*** Opening of THE DATA ***

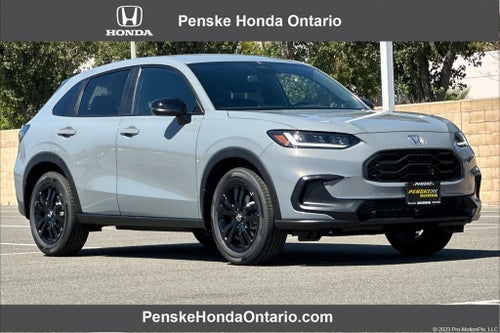 2027 Honda HR-V Sport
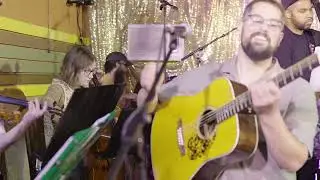 The Straw Fox Chamber Orchestra | Live at Dee's Lounge | October 2024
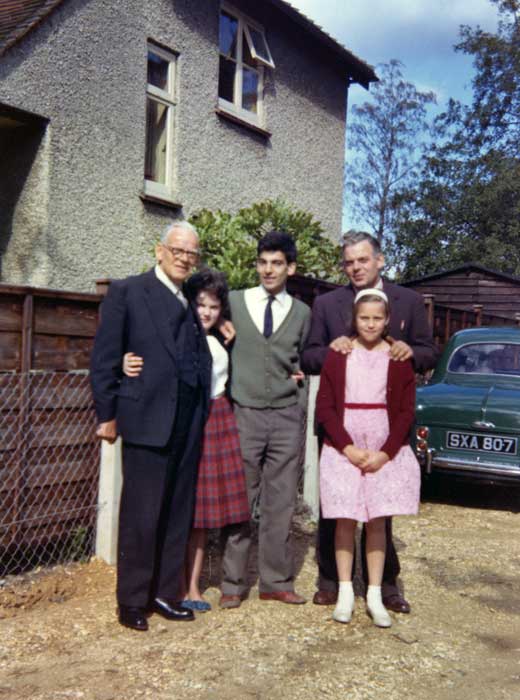 Family group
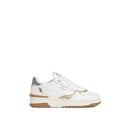 Chester snake w sneakers con dettagli metallizzati
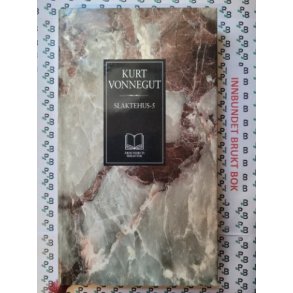 Kurt Vonnegut - Slaktehus-5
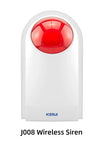 J008 Wireless Siren / Spina del Regno Unito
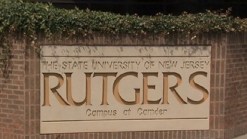 Rutgers Graduating Largest Class in School History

*** Close of THE DATA ***

Your answer must be the lines from the one containing "Family group" through the last line of the records, both included, written out exactly and without pictures.

__EXERCISE OUTPUT__:
 Family group
 Chester snake w sneakers con dettagli metallizzati
 Kurt Vonnegut - Slaktehus-5
 J008 Wireless Siren / Spina del Regno Unito
 Rutgers Graduating Largest Class in School History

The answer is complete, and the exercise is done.